The Minister for Finance, Deputy Noonan, referred to Syriza's election manifesto commitment to give food stamps to the poorest citizens to show the difference between Ireland and Greece. At one level the Minister is right, Ireland is different from Greece. If one includes personal debt Ireland’s debt is far higher than Greece's debt. That is the scary difference. On a day-to-day level we are not that different. In the run-up to Christmas 2,000 people in one day queued outside Dublin's Capuchin Day Centre for food parcels, the second highest turnout in the 40 years of that service. Hundreds of people, including children, queue for the breakfast and dinner in the Capuchin Centre. The latest CSO figures tell us the number of children living in consistent poverty has doubled between 2008 and 2013. Every day 135,000 children face material deprivation.

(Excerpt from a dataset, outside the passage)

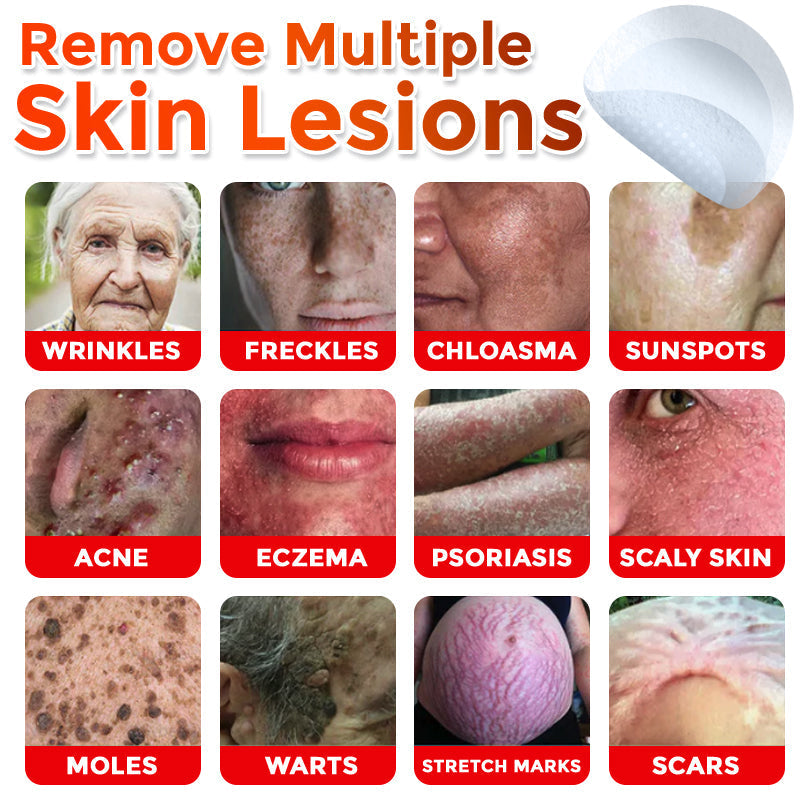 ClearPatch™ Microneedle Blemish Removal Patch — 50% OFF Today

The fact that our three-month Treasury bill may have been at a zero rate a week ago is of little comfort to a family stuck in a hotel room because the State will not provide the necessary housing for a family. It is of little comfort to a family that goes to the local petrol station to fill a five gallon drum with kerosene because it cannot afford, on these freezing nights, to fill the oil tank at the back of its house. Ireland’s debt is not sustainable and to say so is reckless in respect of the needs of this country.

The moral case for debt write-down goes hand-in-hand with the economic one, and not just in Greece. EU leaders keep telling us that we have learned the lessons of the crisis yet the Minister and his Council counterparts refuse to grip the thorny issue of debt. Debt is the millstone around the neck of the people. It is the brake on growth. It is the primary reason for Europe’s current economic stagnation. Indebted families cannot put food on the table, indebted businesses cannot grow, and indebted governments cannot invest. Whichever way one looks at it, this Government is failing on both fronts, economically and morally.

Fine Gael and Labour also appear to be suffering from Stockholm syndrome. It is amazing that Ireland, having suffered all that I have described is now part of the group preventing other countries seeking debt write-down. This despite having been abused and ignored at Ecofin meetings and having been fiscally water-boarded, as Yanis Varoufakis has said, by our so-called European allies. The Minister for Finance and this Cabinet are now rounding on Greece’s desire to seek a write-down for itself. Yanis Varoufakis has stated this is not only in the interests of Greece and the Greek people but also in those of other countries in a similar situation, such as Ireland. The Irish Government is a quisling regime imposing society-crushing diktats against the wishes of the Irish people.